Epinext scientists have uncovered that forms of epilepsy which developed from emotional stress (EMO-TLE, Emotionally induced temporal lobe epilepsy) might be linked to low levels of BNDF (brain-derived neurotrophic factor). Patients with EMO-TLE are very sensitive to stress and also at risk for depression. But on a positive note, they respond well to biofeedback therapy.

Epinext researchers will work with a series of children and adult EMO-TLE patients to find out if results from animal studies can be translated to humans, basically measuring their BNDF levels to identify it as a biological cause of their condition.

Dynamics of human neurons involved in patho-physiological cortical activity patterns in vivo

When a healthy adult brain works normal, most activities involve only a network of neurons, distributed in certain areas of the brain. These neuronal activities are driven by microcircuits, powered by GABA molecules. Research has shown that a dysfunction of these microcircuits is linked to brain disorders like epilepsy.
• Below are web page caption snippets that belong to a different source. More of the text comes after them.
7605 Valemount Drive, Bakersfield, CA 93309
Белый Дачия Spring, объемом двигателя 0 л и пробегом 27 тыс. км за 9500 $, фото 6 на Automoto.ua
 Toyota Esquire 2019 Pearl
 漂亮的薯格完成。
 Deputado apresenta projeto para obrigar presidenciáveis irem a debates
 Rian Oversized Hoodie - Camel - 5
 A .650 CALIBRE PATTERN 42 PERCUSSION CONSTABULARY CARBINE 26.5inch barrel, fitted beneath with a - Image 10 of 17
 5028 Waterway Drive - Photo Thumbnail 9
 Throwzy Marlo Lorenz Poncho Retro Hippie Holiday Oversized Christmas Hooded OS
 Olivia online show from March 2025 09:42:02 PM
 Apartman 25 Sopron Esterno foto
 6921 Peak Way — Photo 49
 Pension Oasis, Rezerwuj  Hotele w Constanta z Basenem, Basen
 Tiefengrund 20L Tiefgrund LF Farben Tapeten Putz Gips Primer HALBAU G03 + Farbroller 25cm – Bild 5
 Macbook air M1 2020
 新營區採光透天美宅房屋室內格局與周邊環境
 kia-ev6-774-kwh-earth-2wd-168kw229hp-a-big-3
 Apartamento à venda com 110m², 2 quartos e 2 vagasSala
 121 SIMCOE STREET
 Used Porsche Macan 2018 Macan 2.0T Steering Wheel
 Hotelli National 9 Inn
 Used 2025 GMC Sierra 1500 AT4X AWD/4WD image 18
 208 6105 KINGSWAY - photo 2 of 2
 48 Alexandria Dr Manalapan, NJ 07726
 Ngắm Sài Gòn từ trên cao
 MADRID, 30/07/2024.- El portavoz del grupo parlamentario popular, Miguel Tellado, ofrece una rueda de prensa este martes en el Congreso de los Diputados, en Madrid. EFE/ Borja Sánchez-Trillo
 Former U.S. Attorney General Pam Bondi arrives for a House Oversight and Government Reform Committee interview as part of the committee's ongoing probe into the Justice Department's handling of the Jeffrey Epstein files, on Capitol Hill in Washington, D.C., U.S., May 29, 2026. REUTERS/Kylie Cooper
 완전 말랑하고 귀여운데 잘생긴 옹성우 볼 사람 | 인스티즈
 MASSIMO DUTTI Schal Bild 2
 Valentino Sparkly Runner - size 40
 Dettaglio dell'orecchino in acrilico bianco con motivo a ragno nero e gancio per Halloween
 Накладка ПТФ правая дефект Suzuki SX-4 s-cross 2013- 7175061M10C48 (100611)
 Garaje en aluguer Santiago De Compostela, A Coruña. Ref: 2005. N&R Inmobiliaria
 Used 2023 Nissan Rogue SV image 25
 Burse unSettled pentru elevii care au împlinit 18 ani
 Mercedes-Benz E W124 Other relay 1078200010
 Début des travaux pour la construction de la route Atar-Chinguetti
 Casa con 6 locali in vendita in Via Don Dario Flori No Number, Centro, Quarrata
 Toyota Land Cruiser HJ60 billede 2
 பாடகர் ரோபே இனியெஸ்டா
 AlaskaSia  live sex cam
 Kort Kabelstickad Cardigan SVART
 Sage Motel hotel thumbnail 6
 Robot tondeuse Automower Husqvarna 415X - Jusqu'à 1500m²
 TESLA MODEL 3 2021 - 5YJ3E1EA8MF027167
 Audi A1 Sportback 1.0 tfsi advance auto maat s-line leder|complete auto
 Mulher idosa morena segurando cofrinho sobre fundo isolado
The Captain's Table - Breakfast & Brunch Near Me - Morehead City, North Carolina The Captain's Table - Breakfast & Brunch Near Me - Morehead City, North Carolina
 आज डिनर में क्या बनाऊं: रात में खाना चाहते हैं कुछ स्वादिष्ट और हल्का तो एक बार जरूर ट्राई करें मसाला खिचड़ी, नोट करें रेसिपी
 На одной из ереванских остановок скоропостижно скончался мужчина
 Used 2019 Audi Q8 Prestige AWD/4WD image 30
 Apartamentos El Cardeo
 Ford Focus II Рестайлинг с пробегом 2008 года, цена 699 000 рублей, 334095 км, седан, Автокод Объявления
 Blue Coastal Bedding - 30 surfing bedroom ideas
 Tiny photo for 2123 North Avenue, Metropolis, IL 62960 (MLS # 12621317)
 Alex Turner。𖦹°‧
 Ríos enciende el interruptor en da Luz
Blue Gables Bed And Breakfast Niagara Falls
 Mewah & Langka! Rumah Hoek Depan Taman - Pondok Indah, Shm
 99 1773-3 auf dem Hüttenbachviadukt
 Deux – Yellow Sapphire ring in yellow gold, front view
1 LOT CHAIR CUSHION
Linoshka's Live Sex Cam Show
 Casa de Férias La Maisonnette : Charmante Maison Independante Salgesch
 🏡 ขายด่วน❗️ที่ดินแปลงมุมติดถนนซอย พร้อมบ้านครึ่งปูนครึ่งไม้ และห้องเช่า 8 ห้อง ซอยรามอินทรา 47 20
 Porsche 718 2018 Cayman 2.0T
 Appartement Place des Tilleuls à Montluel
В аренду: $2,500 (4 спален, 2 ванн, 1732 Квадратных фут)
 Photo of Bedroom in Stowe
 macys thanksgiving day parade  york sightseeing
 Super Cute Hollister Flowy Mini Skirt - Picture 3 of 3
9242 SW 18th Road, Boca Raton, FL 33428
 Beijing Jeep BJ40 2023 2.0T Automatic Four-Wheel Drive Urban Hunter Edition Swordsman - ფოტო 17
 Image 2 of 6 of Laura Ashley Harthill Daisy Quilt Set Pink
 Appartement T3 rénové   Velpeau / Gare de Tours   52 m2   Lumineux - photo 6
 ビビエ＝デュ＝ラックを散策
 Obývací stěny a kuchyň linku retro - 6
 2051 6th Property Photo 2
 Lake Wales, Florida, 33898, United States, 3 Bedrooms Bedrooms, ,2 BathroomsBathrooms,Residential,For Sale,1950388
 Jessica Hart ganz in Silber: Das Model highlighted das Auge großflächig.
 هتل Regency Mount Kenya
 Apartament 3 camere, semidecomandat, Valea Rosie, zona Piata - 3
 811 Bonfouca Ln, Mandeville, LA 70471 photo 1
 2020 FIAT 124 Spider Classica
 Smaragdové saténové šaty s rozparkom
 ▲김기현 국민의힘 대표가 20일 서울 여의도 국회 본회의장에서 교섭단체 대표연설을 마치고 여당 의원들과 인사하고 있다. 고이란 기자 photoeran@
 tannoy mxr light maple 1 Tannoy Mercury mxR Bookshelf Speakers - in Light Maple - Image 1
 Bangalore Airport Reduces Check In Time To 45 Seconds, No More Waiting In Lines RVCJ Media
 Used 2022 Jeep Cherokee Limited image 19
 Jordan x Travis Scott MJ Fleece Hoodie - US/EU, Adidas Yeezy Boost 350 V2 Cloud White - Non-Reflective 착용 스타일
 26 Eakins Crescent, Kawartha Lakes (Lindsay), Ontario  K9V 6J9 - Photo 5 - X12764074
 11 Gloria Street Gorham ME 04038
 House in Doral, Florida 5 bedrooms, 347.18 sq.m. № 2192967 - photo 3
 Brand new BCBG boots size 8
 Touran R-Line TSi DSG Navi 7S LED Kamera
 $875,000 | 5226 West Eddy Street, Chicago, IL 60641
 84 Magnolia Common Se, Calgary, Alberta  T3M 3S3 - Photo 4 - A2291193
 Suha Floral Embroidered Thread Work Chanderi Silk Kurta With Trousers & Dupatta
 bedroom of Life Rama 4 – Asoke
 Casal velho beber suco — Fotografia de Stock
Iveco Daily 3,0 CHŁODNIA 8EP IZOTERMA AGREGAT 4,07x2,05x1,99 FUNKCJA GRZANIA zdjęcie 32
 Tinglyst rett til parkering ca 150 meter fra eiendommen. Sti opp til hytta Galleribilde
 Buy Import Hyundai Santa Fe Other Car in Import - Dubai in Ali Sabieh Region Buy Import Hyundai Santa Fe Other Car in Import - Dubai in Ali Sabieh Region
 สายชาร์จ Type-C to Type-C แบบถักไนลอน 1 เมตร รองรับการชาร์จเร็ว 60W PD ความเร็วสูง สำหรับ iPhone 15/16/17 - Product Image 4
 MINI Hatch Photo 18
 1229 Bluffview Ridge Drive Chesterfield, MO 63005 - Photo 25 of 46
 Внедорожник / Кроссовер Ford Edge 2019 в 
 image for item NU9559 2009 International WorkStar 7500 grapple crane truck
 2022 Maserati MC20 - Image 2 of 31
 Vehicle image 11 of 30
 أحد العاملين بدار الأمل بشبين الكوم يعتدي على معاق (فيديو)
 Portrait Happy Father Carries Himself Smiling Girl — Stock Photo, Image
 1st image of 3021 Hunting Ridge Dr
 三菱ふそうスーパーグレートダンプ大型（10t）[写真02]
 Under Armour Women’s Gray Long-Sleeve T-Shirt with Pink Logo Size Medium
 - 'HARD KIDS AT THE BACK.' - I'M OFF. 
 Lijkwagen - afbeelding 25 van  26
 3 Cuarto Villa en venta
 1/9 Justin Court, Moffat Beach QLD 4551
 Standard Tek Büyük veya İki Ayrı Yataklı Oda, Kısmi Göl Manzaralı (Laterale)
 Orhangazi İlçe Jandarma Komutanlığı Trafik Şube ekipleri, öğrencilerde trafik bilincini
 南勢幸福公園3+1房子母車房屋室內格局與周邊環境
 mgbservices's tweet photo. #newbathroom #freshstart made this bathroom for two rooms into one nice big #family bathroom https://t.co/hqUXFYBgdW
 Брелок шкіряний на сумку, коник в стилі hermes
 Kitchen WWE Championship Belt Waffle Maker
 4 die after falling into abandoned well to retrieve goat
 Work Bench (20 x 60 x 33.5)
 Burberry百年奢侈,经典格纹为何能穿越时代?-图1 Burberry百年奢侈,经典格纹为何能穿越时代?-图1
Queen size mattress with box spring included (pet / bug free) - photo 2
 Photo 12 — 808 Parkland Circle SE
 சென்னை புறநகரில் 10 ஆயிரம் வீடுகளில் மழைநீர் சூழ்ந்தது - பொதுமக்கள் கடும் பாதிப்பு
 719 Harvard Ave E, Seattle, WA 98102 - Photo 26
Contrary to popular belief in the neuroscience community, Epinext biologists have shown that neurons driven by GABA are very active between seizures in an awake mouse brain – confirming an earlier, purely theoretical prediction from the Epinext mathematicians.

Analyzing the dynamics of such neurons during epileptic events in the human brain can help understanding what and where something is happening. But this kind of measurement has remained elusive so far.

What Epinext will do to overcome this limitation is to create an “atlas” of neuron types by analyzing brain tissue resected from a surgery, comparing epileptic and non-epileptic cortices.